I vividly remember watching Barbie in the Dreamhouse as a 7-year-old impressionable little girl, wondering why my stomach had these rolls when I looked in the mirror. My body was always mediocre in my eyes. I was not too fat or thin, but I felt overweight and unwanted because I didn’t look like or have the same shape as the women I saw in advertisements or on TV. The feeling that society wanted me to look a certain way clouded so many of my decisions, especially about food.

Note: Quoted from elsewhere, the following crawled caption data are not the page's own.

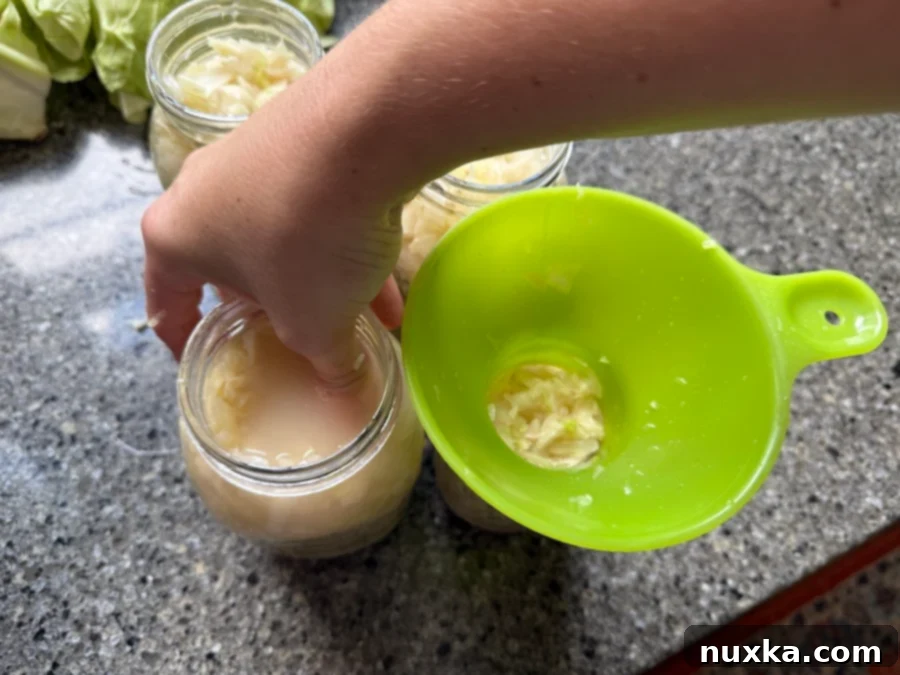 Tightly packing massaged cabbage with its natural liquid into quart jars, ensuring all cabbage is submerged for proper sauerkraut fermentation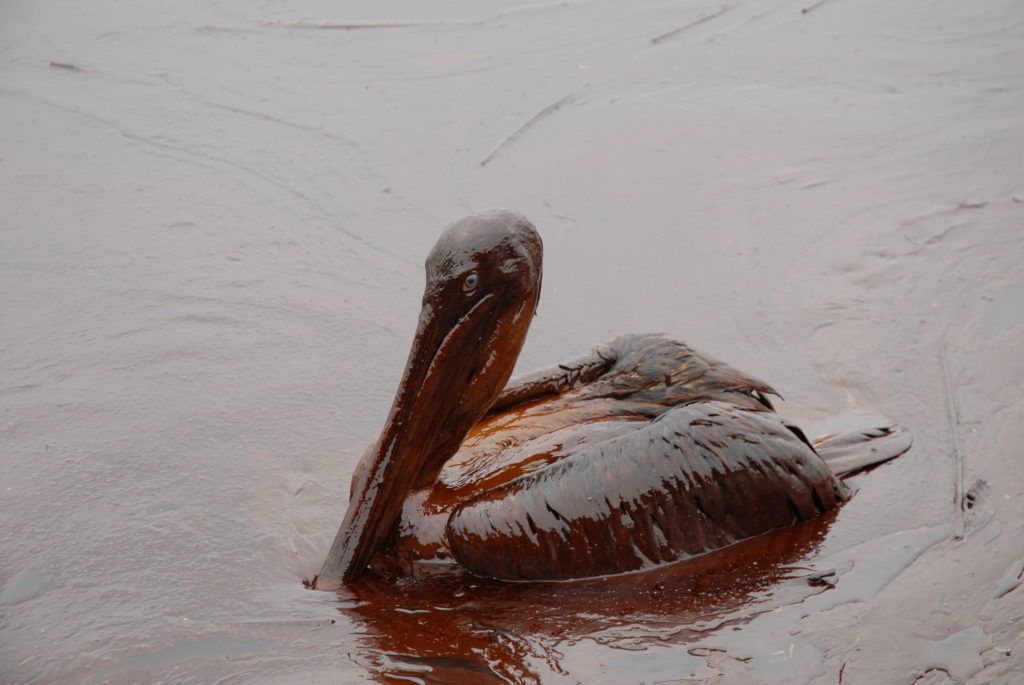 oiled pelicans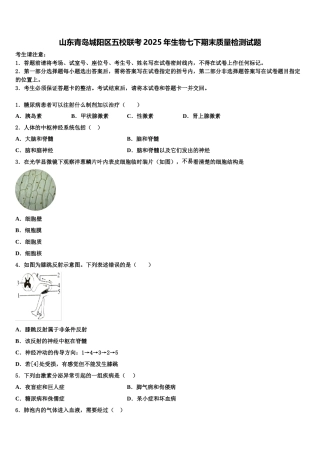 山东青岛城阳区五校联考2025年生物七下期末质量检测试题含解析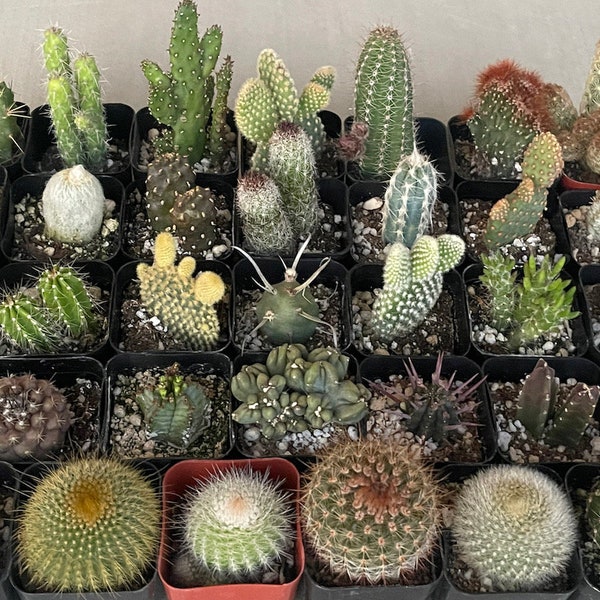 3/6/9/12/15/18/21/24/30/34/100+ Combo Pack of 2” Potted Cacti - Cacti Combo Pack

Though my journey with food was never perfect, the summer after freshman year was when it got bad. I put on some weight freshman year, what some call the “freshman 15.”I went home for summer, and most of my clothes didn’t fit me. Mind you, my body was also changing as I was getting older, and that was normal, but trying to squeeze into clothing that clearly doesn’t fit me, really hurt. So I told myself I was going to lose all the weight I had gained because I didn’t look the way I thought I was supposed to look. What started as an effort to “become healthier and lose weight” became a summer of restrictions, filled with no dessert and too many “no thank you” to all of my favorite foods. Losing weight became the dominant factor in my life. As a result, I wasn’t present or enjoying life because I was so set trying to make sure I was only eating healthy foods and not gaining weight.

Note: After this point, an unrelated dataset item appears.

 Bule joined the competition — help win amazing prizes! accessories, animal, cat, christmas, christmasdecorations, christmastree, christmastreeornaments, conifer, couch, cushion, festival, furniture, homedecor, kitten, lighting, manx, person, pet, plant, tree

When September of my sophomore year hit, I had successfully lost all the weight I had gained and more. I received so many compliments that I “glowed up” and “look so good,” “you’re so tiny.” I loved hearing these comments, but they made me think that I was ugly before. These comments reinforced my idea that continuing to lose weight, to distance myself from my ‘ugly’ self from freshman year, was the right way forward. At this point, I was sick, trapped in an illness that was bigger than me. But I had no idea. I was blind to the reality of what I was doing to myself … or my body.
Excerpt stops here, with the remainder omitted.